Every lesson incorporates practicing rolling. We do it over and over and over again. Sometimes, I feel that we spend more time on the floor or trying to get up than practicing techniques. But the reason why is simple: the more you practice falling, the more you’ll overcome the fear and turn it into the love of flying.
As all of you surely know, startup life brings along a series of disappointing moments. An investor that suddenly disappears after initially agreeing to collaborate, an employee that resigns at the worst possible time, running out of money right when you felt success was just around the corner. I could give you tons of examples. And most of the time, all these instances come up unexpectedly.
Unlike roller coasters, you don’t see the descent approaching. And even optimistic entrepreneurs that are driven to move their startup forward find things going sideways and feeling seriously beat down. So, what do you do when your plans get crushed? What do you do when you lose your balance?
1. Analyze where you got hurt and decide what needs protection & what can handle the hit
2. Gather the strength and energy to rise back up
3. When the smoke has cleared, understand what made you fall in the first place
Falling, much like failing, isn’t a big deal per say. The big deal is choosing to stay down on the ground.

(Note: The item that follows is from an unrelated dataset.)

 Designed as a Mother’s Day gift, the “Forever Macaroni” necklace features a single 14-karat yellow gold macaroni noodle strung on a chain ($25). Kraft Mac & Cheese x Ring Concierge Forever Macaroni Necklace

The takeaway is that once you know exactly how falling feels, you will know how to handle it. If you’re an entrepreneur, this is a question if when, not if. Welcome to startup life. Remember that as it happens the first, second, and third time, you’ll find yourself falling more and more gracefully and rising up to meet your next challenge quicker. Just keep rolling.
“Failure is the key to success;
Each mistake teaches us something.”
-Morihei Ueshiba (founder of Aikido)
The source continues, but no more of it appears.